◆ **Stored records**
⟨
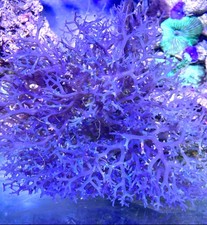 Marine macro algae, Hypnea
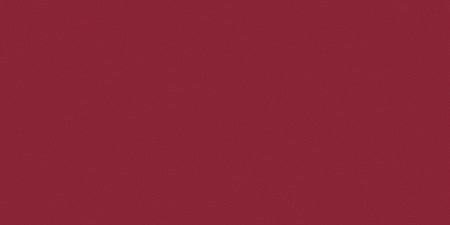 All-Purpose Plastic Zipper 12"-Raspberry
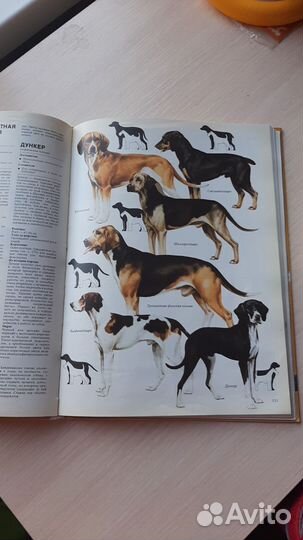 Ваша собака книга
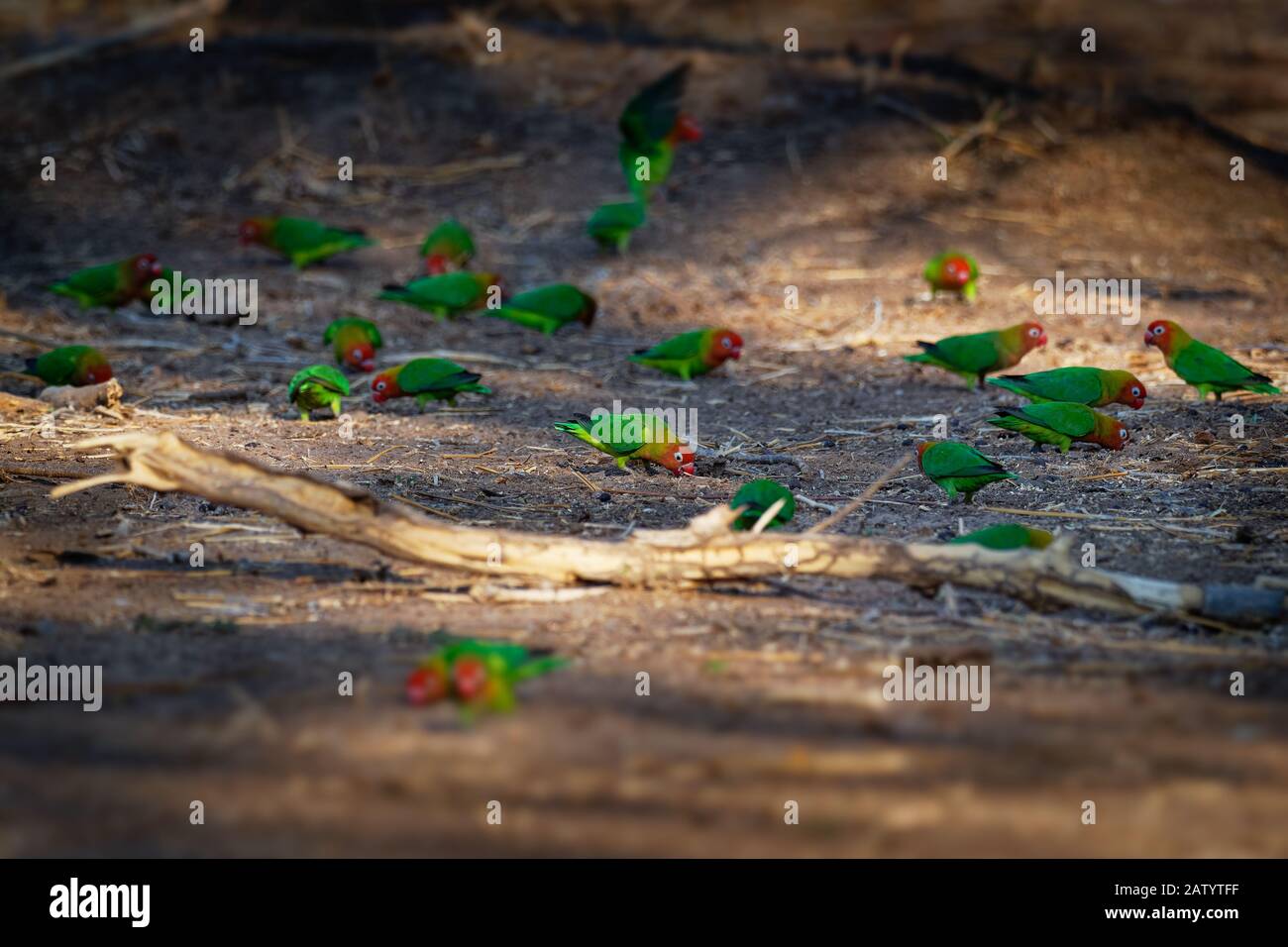 Lilians Lovebird - Agapornis lilianae also known as the Nyasa lovebird, is a small African parrot species of the lovebird genus. It is mainly green an Stock Photo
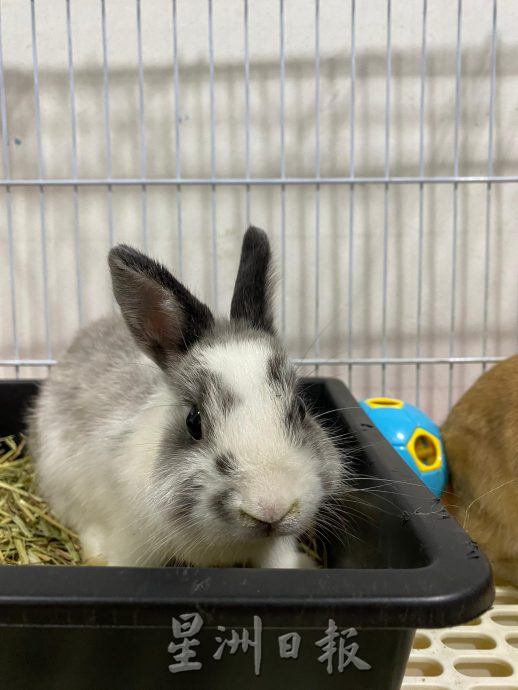 柔：【宠物萌萌哒】（10月7日刊）：每只性格习性都不同，情侣档养萌兔有心得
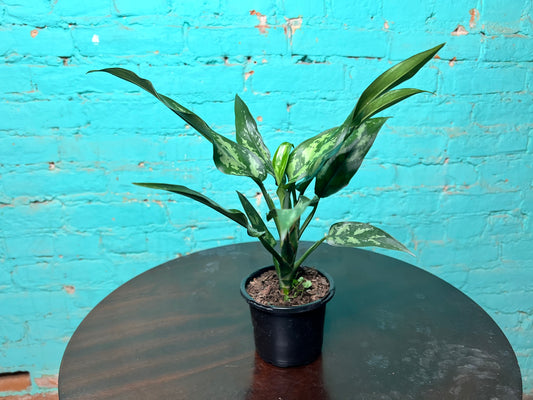 Aglaonema Peacock 4”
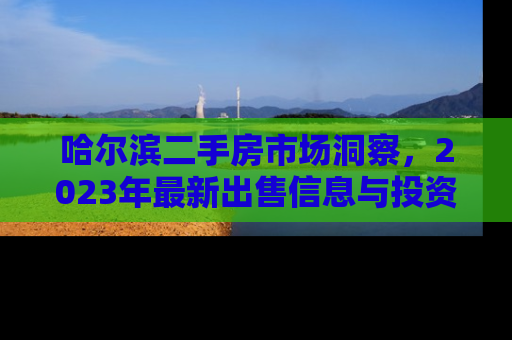 哈尔滨二手房市场洞察，2023年最新出售信息与投资指南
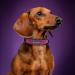 Didog Custom Leather Dog Collar with Engraved Name Tag - Soft Padded Purple for Small & Medium Dogs (XL 40-50 cm) - Buy Online on GoSupps.com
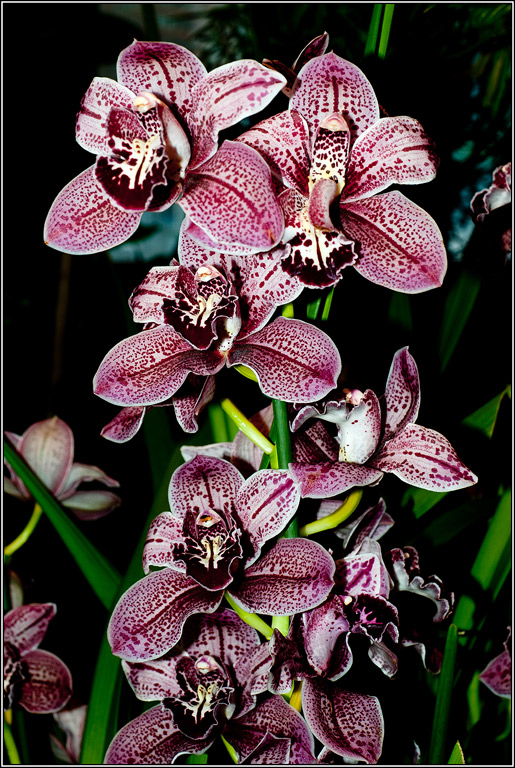 2011-03-08_17-13_DSC4448_Orchids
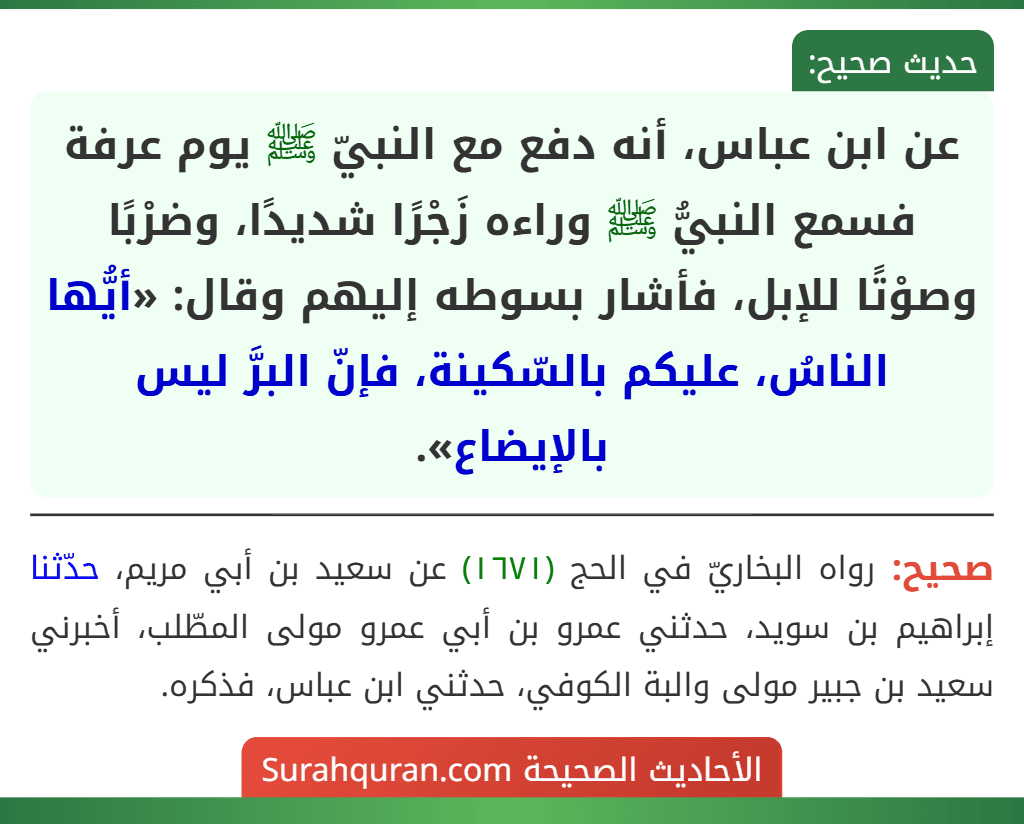 عن ابن عباس، أنه دفع مع النبيّ ﷺ يوم عرفة فسمع النبيُّ ﷺ وراءه زَجْرًا شديدًا، وضرْبًا وصوْتًا للإبل، فأشار بسوطه إليهم وقال: «أيُّها الناسُ، عليكم بالسّكينة، فإنّ البرَّ ليس بالإيضاع». عن ابن عباس، أنه دفع مع النبيّ ﷺ يوم عرفة فسمع النبيُّ ﷺ وراءه زَجْرًا شديدًا، وضرْبًا وصوْتًا للإبل، فأشار بسوطه إليهم وقال: «أيُّها الناسُ، عليكم بالسّكينة، فإنّ البرَّ ليس بالإيضاع».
⟩
◆ **Problem to work on**
From the records given above, reproduce all text exactly and exclude each picture.

◆ **Answer space**
 Marine macro algae, Hypnea
 All-Purpose Plastic Zipper 12"-Raspberry
 Ваша собака книга
 Lilians Lovebird - Agapornis lilianae also known as the Nyasa lovebird, is a small African parrot species of the lovebird genus. It is mainly green an Stock Photo
 柔：【宠物萌萌哒】（10月7日刊）：每只性格习性都不同，情侣档养萌兔有心得
 Aglaonema Peacock 4”
 哈尔滨二手房市场洞察，2023年最新出售信息与投资指南
 Didog Custom Leather Dog Collar with Engraved Name Tag - Soft Padded Purple for Small & Medium Dogs (XL 40-50 cm) - Buy Online on GoSupps.com
 2011-03-08_17-13_DSC4448_Orchids
 عن ابن عباس، أنه دفع مع النبيّ ﷺ يوم عرفة فسمع النبيُّ ﷺ وراءه زَجْرًا شديدًا، وضرْبًا وصوْتًا للإبل، فأشار بسوطه إليهم وقال: «أيُّها الناسُ، عليكم بالسّكينة، فإنّ البرَّ ليس بالإيضاع». عن ابن عباس، أنه دفع مع النبيّ ﷺ يوم عرفة فسمع النبيُّ ﷺ وراءه زَجْرًا شديدًا، وضرْبًا وصوْتًا للإبل، فأشار بسوطه إليهم وقال: «أيُّها الناسُ، عليكم بالسّكينة، فإنّ البرَّ ليس بالإيضاع».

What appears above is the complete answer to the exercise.